Republicans Debate Future of Jan. 6 Committee After Midterms Republicans Debate Future of Jan. 6 Committee After Midterms

Rep. Dan Crenshaw, R-Texas, said the Jan. 6 committee should just "go away" if Republicans reclaim control of the House in the midterms. (Ethan Miller/Getty Images)

By Peter Malbin | Monday, 07 February 2022 02:27 PM

While House Republicans ultimately voted against establishing a bipartisan Jan. 6 committee, they largely were united in their opposition against the Speaker Nancy Pelosi-led House select committee.

Pelosi’s decision to reject two of Minority Leader Kevin McCarthy’s picks for the committee firmed their opposition.

The Jan. 6 committee will dissolve at the end of the current Congress, and any effort to revive it would need to be incorporated into the next Congress’ package of rules — or by a subsequent resolution supported by House leaders, Politico reported.

Should Republicans retake the House in the November midterms, some Republicans said the Jan. 6 committee should just fade away, while others said they expect a GOP counter-investigation into the insurrection to emerge.

"I'm probably in the camp of: Just let it go away. I don't want to waste our time dealing with it anymore," said Rep. Dan Crenshaw, R-Texas, Politico reported.

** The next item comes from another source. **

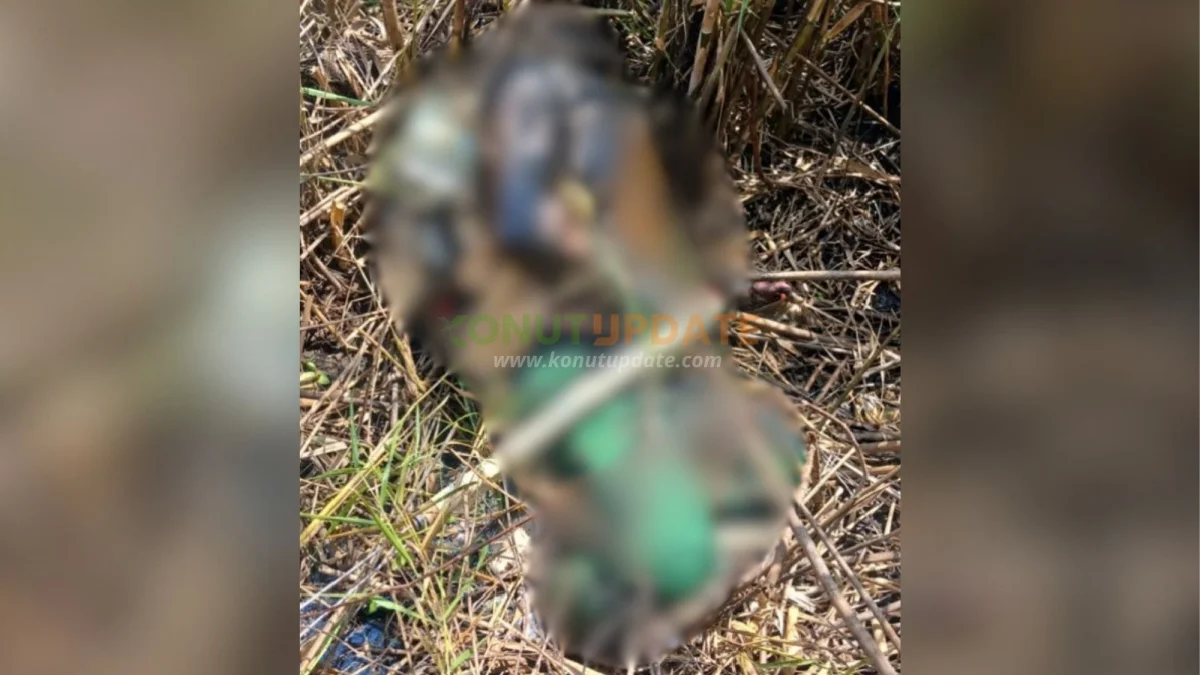 Hari Keenam Pencarian, Warga yang Hilang di Anggoro Akhirnya Ditemukan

Freshman Rep. Madison Cawthorn, R-N.C., on the other hand, said it would be "asinine" for a GOP majority to disband the panel, and Rep. Matt Gaetz, R-Fla., has called for using it to pursue theories about the Justice Department's involvement in the Jan. 6 attack, according to Politico.

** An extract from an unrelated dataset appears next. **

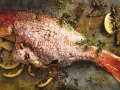 Ein ganzer, gebackener Red Snapper mit Zitronenspalten und Kräutern auf einem Backblech.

"I don't think we can disband the Jan. 6 committee," Gaetz said. "I think we have to take over the Jan. 6 committee."

Republicans such as Gaetz and Cawthorn say the committee should focus on Capitol security.

Post-Jan. 6 reviews have found lapses in the Capitol Police's intelligence operation and a general lack of preparedness for a direct attack on the building, Politico noted.

Hill security is handled by the House and Senate sergeants at arms, in coordination with the Capitol Police chief. Pelosi, D-Calif., repeatedly has emphasized that chain of command in the aftermath of the attack, and that she played no role in their planning for that day.

McCarthy, R-Calif., has turned down a request from the select committee to share details of his interactions with former President Donald Trump on Jan. 6, Politico reported.

Republicans close to McCarthy say the future of the Jan. 6 committee is his purview.

Rep. Rodney Davis, R-Ill., the party's top member on the committee with jurisdiction over Capitol security, said: "Look, it's gonna depend upon what Leader McCarthy wants."

The Jan. 6 committee has interviewed more than 300 witnesses and collected some 35,000 records, according to CNN. House investigators are subpoenaing bank records to follow the money behind the pro-Trump rallies that preceded the insurrection, and they're poring over texts and other communications to examine the role of Trump and his allies, CNN reported.